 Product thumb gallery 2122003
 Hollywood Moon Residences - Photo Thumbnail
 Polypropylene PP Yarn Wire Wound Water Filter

## [Task details]
Would you return the whole listing exactly as written?

## [Written answer]
 Product thumb gallery 2122003
 Hollywood Moon Residences - Photo Thumbnail
 Polypropylene PP Yarn Wire Wound Water Filter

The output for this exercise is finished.